Warriors showing glimpses of a bright future 

click to enlarge Rising up: Young, legitmate starters such as Klay Thompson ensure the Warriors will stay competitive for some time. - ANDREW D. BERNSTEIN/NBAE VIA GETTY IMAGES
  • Andrew D. Bernstein/NBAE via Getty Images
  • Rising up: Young, legitmate starters such as Klay Thompson ensure the Warriors will stay competitive for some time.

It felt like déjà vu at the Warriors’ home opener against the Memphis Grizzlies on Friday night. The Warriors tipped off the 2012-13 season brimming with optimism and center Andrew Bogut showed why when he stuffed Grizzlies big man Marc Gasol in the lane early in the first quarter.

But sixth man Brandon Rush tore his ACL three minutes later and by the time Bogut — who sat out the second and third quarters to rest his ankle — returned to the floor in the fourth, the Warriors trailed by 11 points and the hope at Oracle Arena had evaporated.

But the Warriors are featuring a new cast this year and they bounced back with a gritty 114-110 road win over the Los Angeles Clippers one day later.
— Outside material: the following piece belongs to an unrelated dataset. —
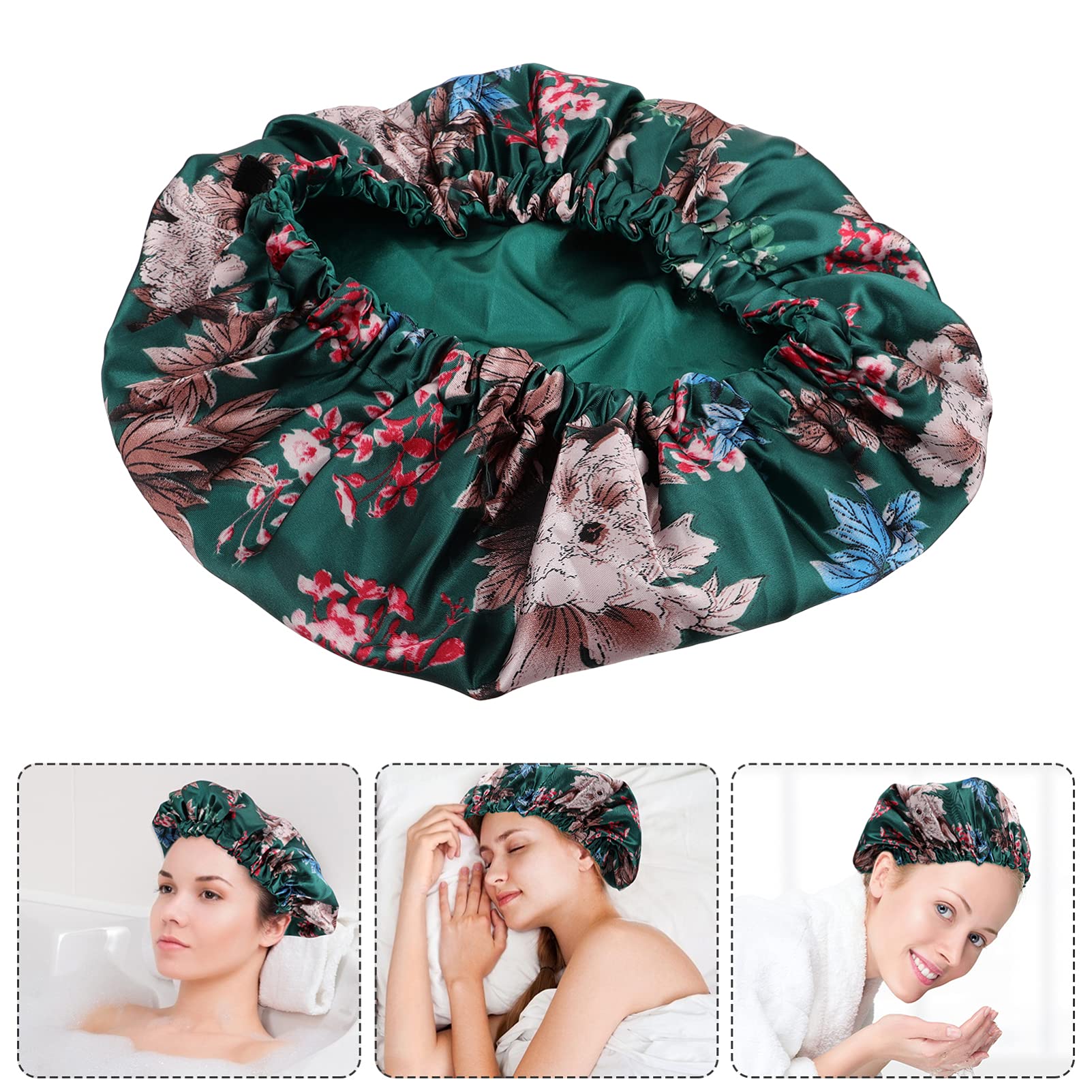 FOMIYES 4piezas Gorro Reutilizable Diseño Floral Para Mujeres Gorro De Baño Ajustable Para Cuidado Del Cabello y Baño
It would be foolish to suggest the Warriors (2-1) are on their way to the playoffs this season when they obviously caught the Clippers in a letdown game. But heading into tonight’s contest at Sacramento, one thing does look clear: the team is laying down a solid foundation for future playoff runs.
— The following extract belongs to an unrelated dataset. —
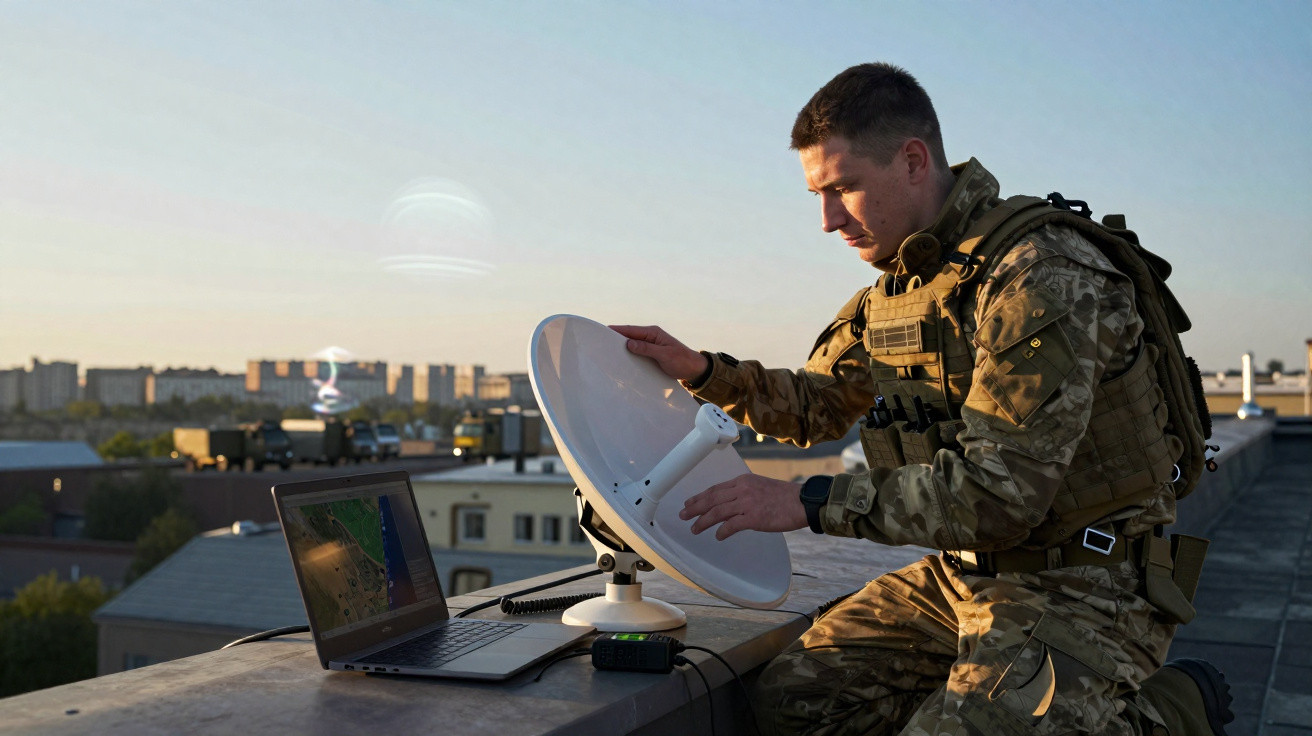 Soldier in camouflage uniform adjusts satellite dish on rooftop with laptop during sunset.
For the first time in years, the Warriors possess a promising core nucleus because the front office plucked a pair of legitimate starters — Klay Thompson and Harrison Barnes — in the past two drafts.  

Everyone knew Thompson could shoot when the Warriors selected him with the No. 11 pick in 2011. But his defense, his rebounding and his ability to attack the basket were questioned. In three games, though, Thompson has already collected 19 boards (he averaged only 2.5 per game last season) and he’s scoring in a variety of ways while playing aggressive weak-side defense.
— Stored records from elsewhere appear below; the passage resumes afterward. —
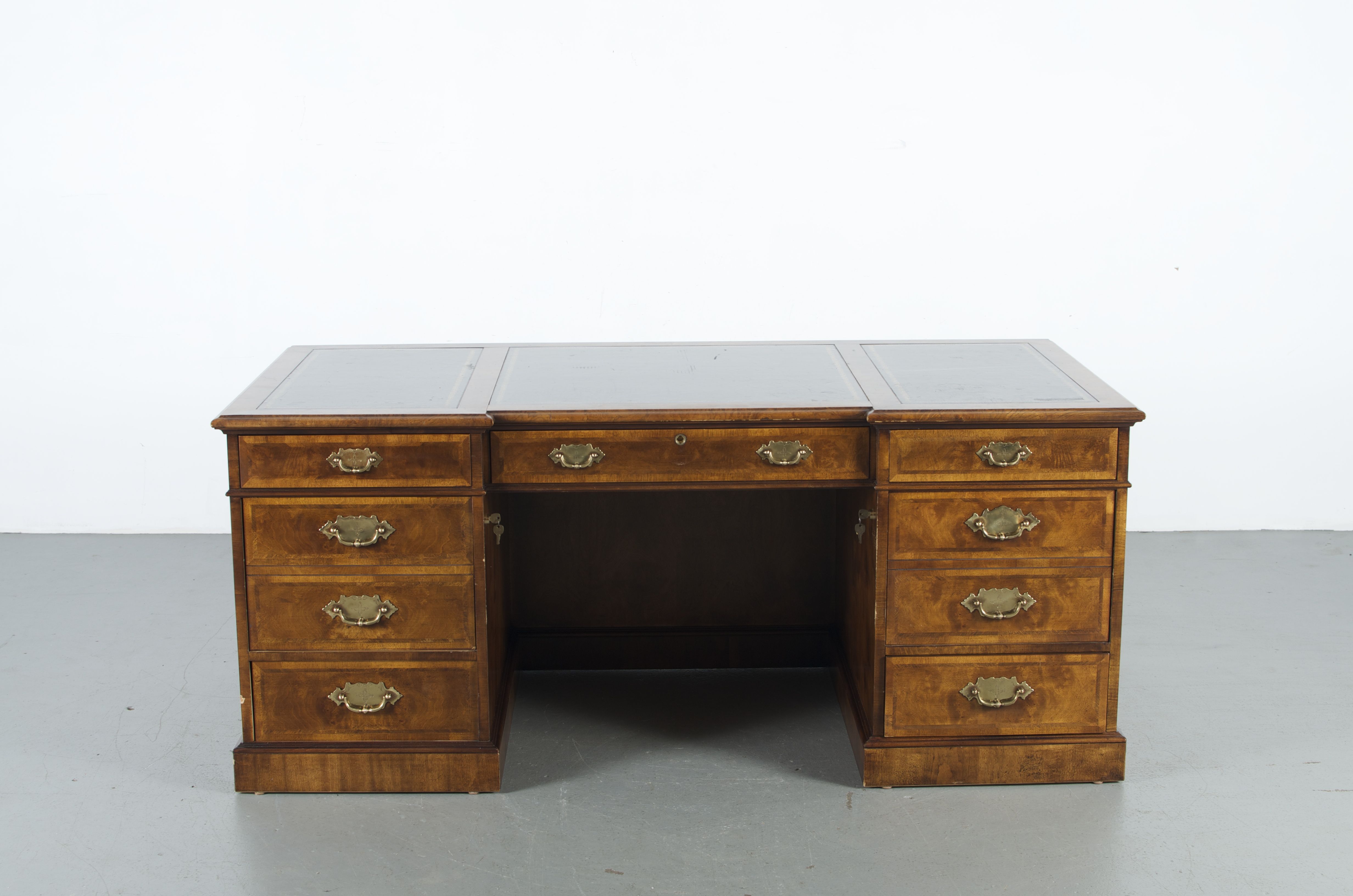 Burled Mahogany Leather Top Executive Desk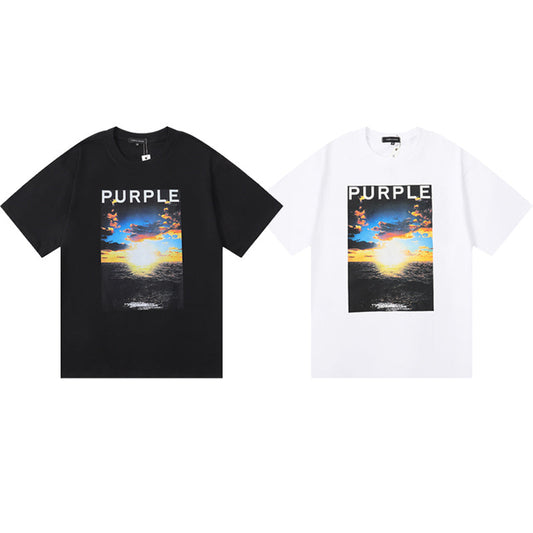 Purple Brand Ocean Sunset Photo Graphic Tee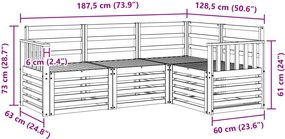 vidaXL Σετ Καναπέ 4 pcs Λευκό 187,5 x 128,5 x 73 εκ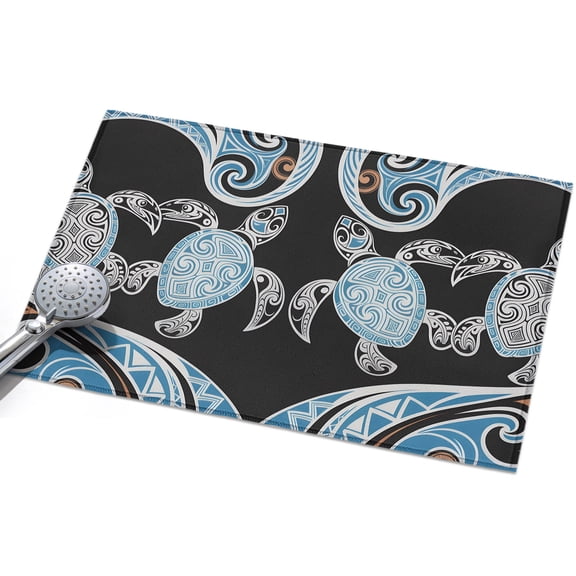 Abstract Turtles Area Rugs 2x3ft Tribal Turtles Animals Blue Boho Floral Texture Floor Rug Non Slip Low Pile Ultra Soft Throw Carpet for Entryway Indoor Entrance Kitchen Bathroom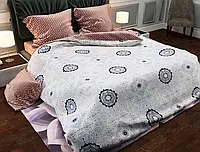 Полуторна постільна білизна компаньйон з візерунком орнаментом 150*220 сатинова з натуральної бавовни, Черешенька ТМ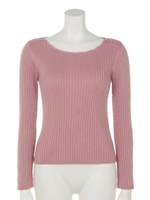 スカラネックラメリブニットプルオーバー/ピンク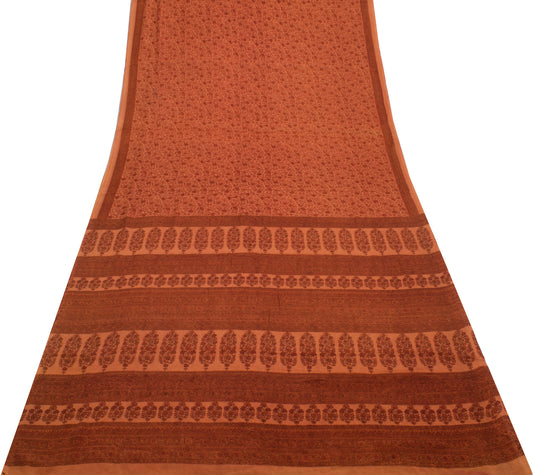 Sushila Vintage Saree 100% Pure Georgette Silk Printed Floral Craft Fabric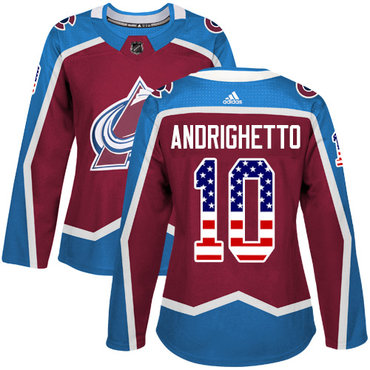 Adidas Colorado Avalanche #10 Sven Andrighetto Burgundy Home Authentic USA Flag Women's Stitched NHL Jersey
Barnes was also a steal at No. 7 in last June’s draft. He’ll take his bumps as a rookie starter this year, but the former-No. 1 high school player in the country (ESPNU, 2010) has the athleticism and the smarts to be an elite small forward in seasons to come.

The Warriors also struck gold when they drafted center Festus Ezeli with the No. 30 pick last June. With multiple scorers on the floor, the Warriors don’t need Ezeli to drop 20 points a night. Instead, they need a strong defender to patrol the paint while Bogut is on the bench and a ferocious rebounder to limit second-chance opportunities.

Ezeli performed the role to perfection Saturday with Bogut out of the lineup. He shut down Blake Griffin as the Warriors out-rebounded the Clippers 48-33 and out-scored them 48-32 in the paint.

The front office also bolstered the bench during the offseason by bringing in journeyman forward Carl Landry and veteran guard Jarrett Jack. Landry is only 6-foot-9, but he’s a scrapper in the paint who knows how to finish. In three games, he’s averaging 20.0 points and 7.3 rebounds in 26.3 minutes off of the bench.

Likewise, Jack’s acquisition gives the Warriors a veteran presence in the backcourt for the game’s closing minutes. Jack can bring the ball up the floor to give Curry some looks from the two spot, and if needed, he can score with his signature tear-drop through the lane.

This is still a young team, however, and they will experience some growing pains over the course of an 82-game schedule, especially with Rush on crutches. But this isn’t déjà vu, either; the Warriors will make some noise in the Western Conference down the road.